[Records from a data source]
============

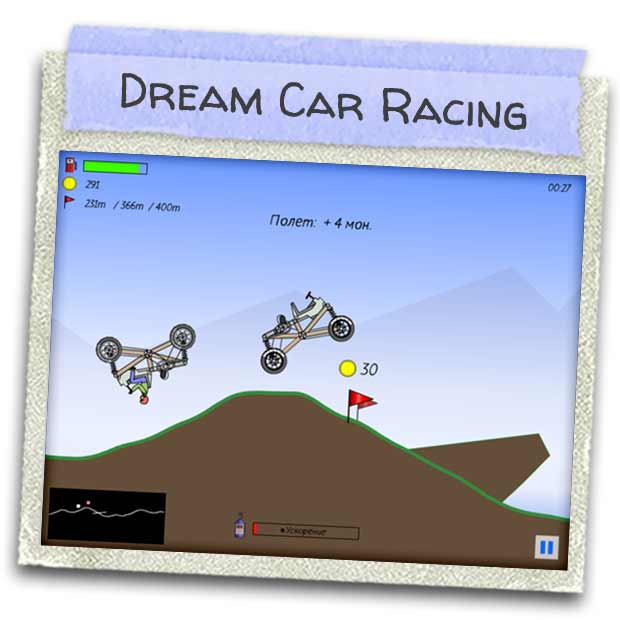 indie-05jun2014-08-dream_car_racing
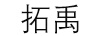 拓禹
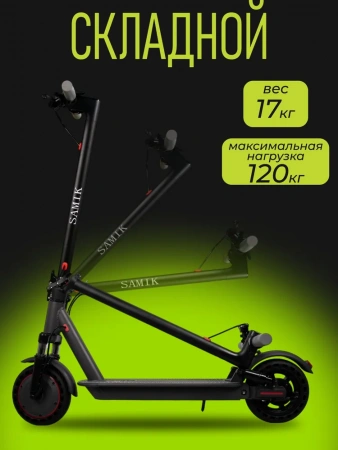 Электросамокат SAMIK M365 Lux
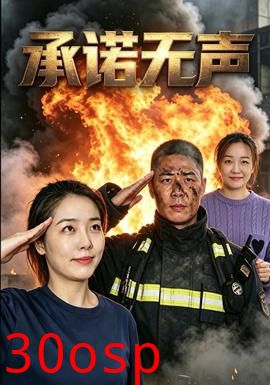 承诺无声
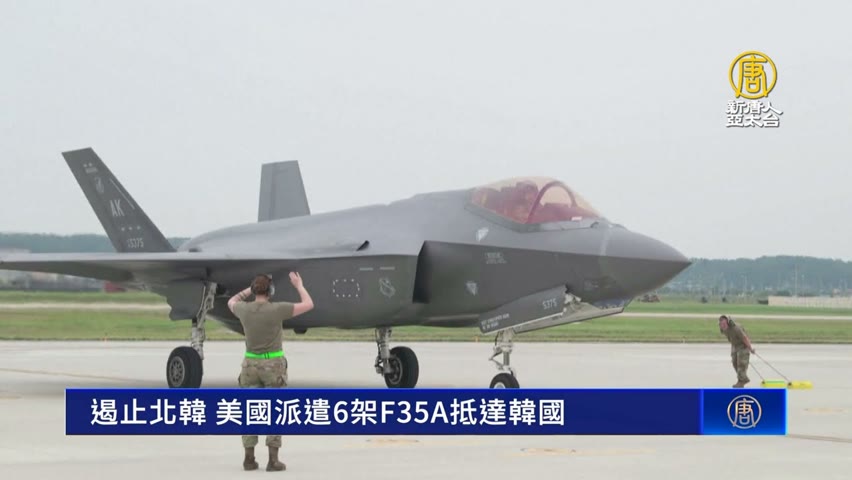 遏止北韓 美國派遣6架F35A抵達韓國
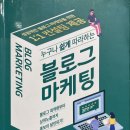 누구나 쉽게 따라하는 블로그마케팅 - 실행과 성공은 자신의 몫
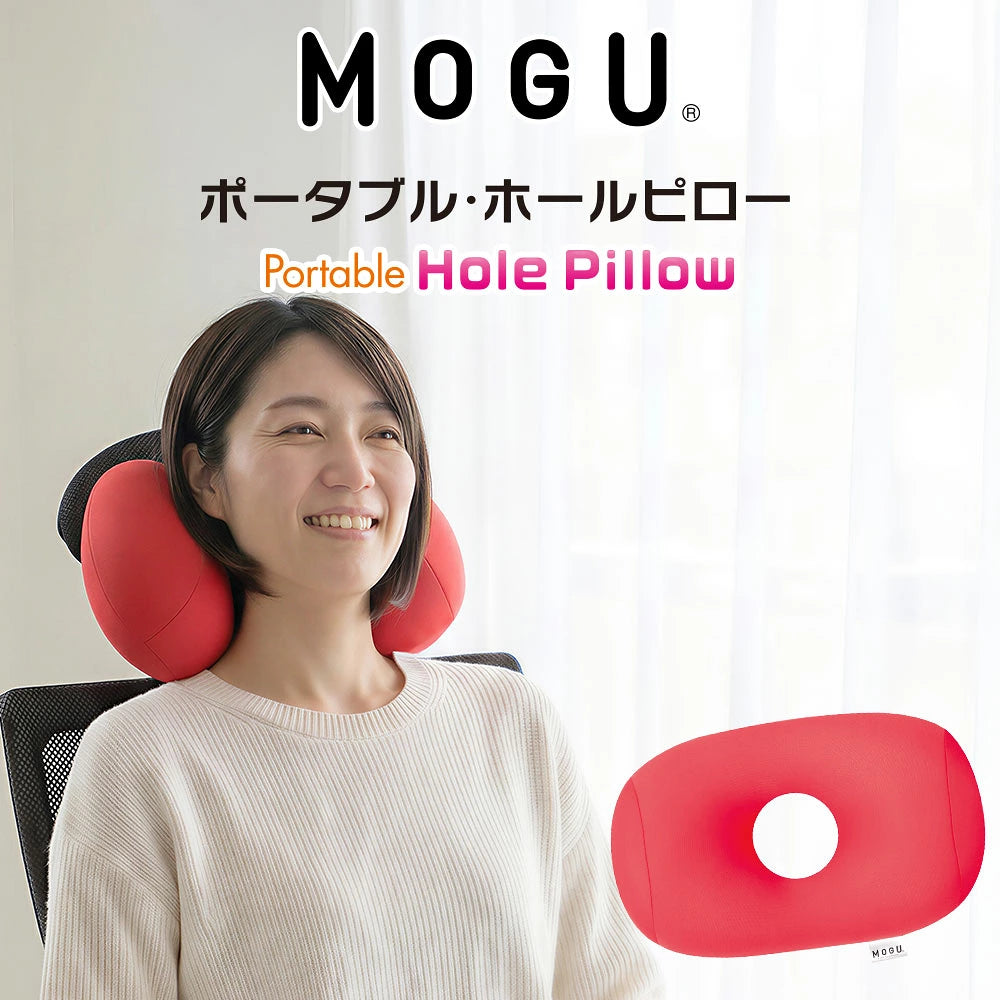 クッション MOGU（モグ）ポータブル ホールピロー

============

**Exercise directions:**
Nothing but the lines from the line holding "Электросамокат SAMIK M365 Lux" through the last line of the entries above is to be reproduced, exactly and without pictures.

**Answer box:**
 Электросамокат SAMIK M365 Lux
 承诺无声
 遏止北韓 美國派遣6架F35A抵達韓國
 누구나 쉽게 따라하는 블로그마케팅 - 실행과 성공은 자신의 몫
 クッション MOGU（モグ）ポータブル ホールピロー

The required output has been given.